WHAT TO WORK ON:
Say how many lines of these entries include the word "Twin", and answer with the number alone.

[Caption-style text data]
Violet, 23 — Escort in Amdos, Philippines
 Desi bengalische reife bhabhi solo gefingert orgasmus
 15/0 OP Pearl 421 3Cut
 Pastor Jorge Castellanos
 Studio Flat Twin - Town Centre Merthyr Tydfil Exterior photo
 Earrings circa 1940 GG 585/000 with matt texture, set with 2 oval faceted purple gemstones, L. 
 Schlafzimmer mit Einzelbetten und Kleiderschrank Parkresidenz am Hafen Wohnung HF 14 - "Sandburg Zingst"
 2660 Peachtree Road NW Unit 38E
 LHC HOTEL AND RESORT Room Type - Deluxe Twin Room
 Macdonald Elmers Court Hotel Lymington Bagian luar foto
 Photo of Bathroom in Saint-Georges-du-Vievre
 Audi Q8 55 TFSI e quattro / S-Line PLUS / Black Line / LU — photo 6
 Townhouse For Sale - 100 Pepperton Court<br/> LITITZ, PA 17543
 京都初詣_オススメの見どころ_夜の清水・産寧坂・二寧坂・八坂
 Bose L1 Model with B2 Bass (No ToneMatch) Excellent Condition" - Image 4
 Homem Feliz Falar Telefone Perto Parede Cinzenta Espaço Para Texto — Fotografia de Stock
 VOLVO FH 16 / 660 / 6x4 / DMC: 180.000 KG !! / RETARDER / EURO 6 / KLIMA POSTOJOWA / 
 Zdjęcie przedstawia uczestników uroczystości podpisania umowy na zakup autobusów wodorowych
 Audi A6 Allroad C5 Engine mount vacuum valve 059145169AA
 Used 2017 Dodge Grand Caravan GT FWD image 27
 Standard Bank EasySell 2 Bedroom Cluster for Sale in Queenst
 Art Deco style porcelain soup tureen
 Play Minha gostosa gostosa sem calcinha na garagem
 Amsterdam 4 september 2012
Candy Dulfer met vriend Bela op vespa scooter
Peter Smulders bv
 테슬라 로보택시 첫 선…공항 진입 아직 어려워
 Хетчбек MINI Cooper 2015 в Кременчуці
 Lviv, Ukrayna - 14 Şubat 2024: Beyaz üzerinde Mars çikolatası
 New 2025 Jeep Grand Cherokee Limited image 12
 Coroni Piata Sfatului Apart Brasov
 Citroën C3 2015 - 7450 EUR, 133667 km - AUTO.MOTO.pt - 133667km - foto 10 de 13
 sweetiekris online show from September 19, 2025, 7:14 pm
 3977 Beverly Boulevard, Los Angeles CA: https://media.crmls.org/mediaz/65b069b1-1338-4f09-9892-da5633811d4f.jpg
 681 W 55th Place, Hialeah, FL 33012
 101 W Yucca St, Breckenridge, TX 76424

WRITTEN ANSWER:
2